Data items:
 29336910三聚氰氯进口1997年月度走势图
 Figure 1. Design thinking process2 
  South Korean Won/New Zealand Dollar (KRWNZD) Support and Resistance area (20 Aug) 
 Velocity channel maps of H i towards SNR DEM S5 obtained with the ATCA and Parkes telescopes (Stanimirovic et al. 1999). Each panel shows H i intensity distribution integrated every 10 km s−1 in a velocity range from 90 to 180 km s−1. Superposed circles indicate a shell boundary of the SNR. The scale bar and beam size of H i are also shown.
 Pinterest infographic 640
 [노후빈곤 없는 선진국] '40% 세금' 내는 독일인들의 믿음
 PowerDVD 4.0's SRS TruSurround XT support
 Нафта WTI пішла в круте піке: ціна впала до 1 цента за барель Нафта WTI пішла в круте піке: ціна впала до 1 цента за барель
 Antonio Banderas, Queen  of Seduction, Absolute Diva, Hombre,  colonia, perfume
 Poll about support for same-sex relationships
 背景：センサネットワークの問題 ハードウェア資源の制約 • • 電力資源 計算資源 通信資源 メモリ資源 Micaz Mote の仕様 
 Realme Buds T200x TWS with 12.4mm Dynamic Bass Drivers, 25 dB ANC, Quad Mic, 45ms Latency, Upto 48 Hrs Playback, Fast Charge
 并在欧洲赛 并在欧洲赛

Exercise aim: Your job is to copy out every line from the records above that has the word "with".

The completed task:
 Velocity channel maps of H i towards SNR DEM S5 obtained with the ATCA and Parkes telescopes (Stanimirovic et al. 1999). Each panel shows H i intensity distribution integrated every 10 km s−1 in a velocity range from 90 to 180 km s−1. Superposed circles indicate a shell boundary of the SNR. The scale bar and beam size of H i are also shown.
 Realme Buds T200x TWS with 12.4mm Dynamic Bass Drivers, 25 dB ANC, Quad Mic, 45ms Latency, Upto 48 Hrs Playback, Fast Charge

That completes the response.